Northern California is a strange place. Speech is slower, at least a bit, than in other urban areas. The rate of social change is significantly higher in our more rural areas than in other urban areas. Voices are softer, burnished. Talk goes to areas most would deem 'radical' with ease, but the gift of directness is an elusive thing.
I have talked often—at at length—about how I'd taken to San Francisco like a fish to water, but there are, of course, aspects of it that elude me. I'm too trenchant, even too brusque, for many here. My expectations, even insistences sometimes, that others cast aside the politesse and just be honest and be candid are serous.
That's gotten me into big trouble, as one might expect. Gravitas is not always welcomed: I come across as blunt, not direct. I come across as churlish, not candid. I guess too much of my developmental years were spent not in San Francisco, specifically in a more East Coast/Midwest setting.
That's not an entirely satisfying explanation, either. Perhaps it's one of those “Is Life too short to put up with shit, or is Life too short to care?” scenarios. I generally come down on the side of not wanting to be the source of that kind of shit, and of generally wanting to keep at a safe distance those who do generate that kind of shit. Maybe it's an avoidance tactic, but I'm not so sure it is.
I think it's more of a preventative. It's about taking care to be a good social citizen, and gathering together with others to provide a sort of nucleation site for good will. And along those lines, it turns out that it's a pretty good litmus test for gauging friendships. I mean to say, friendships vs. those you just happen to see out and about.

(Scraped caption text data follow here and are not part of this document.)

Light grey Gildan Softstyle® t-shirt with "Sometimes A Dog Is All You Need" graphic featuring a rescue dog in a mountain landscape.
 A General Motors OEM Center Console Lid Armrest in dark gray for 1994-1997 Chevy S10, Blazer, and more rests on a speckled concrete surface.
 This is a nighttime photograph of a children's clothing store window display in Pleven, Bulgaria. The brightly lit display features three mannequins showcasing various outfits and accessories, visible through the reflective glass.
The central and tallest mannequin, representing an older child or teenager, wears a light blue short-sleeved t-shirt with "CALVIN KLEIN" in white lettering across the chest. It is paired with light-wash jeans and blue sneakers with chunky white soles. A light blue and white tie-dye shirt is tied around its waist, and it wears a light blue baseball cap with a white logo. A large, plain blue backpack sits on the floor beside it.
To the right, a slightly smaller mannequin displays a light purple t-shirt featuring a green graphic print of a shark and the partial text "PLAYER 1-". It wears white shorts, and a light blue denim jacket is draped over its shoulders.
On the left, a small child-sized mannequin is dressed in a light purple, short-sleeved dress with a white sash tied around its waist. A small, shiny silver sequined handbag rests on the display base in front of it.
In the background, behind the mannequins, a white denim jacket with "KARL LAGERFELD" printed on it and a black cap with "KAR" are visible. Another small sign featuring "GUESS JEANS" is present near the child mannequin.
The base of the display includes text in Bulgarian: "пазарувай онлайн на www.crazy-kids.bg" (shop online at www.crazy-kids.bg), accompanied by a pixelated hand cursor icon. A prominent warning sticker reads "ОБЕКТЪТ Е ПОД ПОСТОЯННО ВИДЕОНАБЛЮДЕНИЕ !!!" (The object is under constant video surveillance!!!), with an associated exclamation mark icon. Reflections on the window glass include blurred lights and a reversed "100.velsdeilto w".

It may seem like a no-brainer, calling this one a friend, and that one merely an acquaintance, but the lines are forcibly smudged here in San Francisco. You meet people you've happened to see around a few times at the same times in the same places and a dialog is struck. Pleasantries are exchanged, topics are shallow—it is just at a bar, after all—and a nice time is had by all.
But before you know it, these people are calling you their friend; people are speaking about you in glowingly praising profundities, calling you one of their favorite people.
Uhhhh, what?
Sometimes it feels merely weird; other times it feels forced; still other times it feels like a setup. A setup, as if they're wrapping up an alterior motive in warm-fuzzies, in wait of some future payoff.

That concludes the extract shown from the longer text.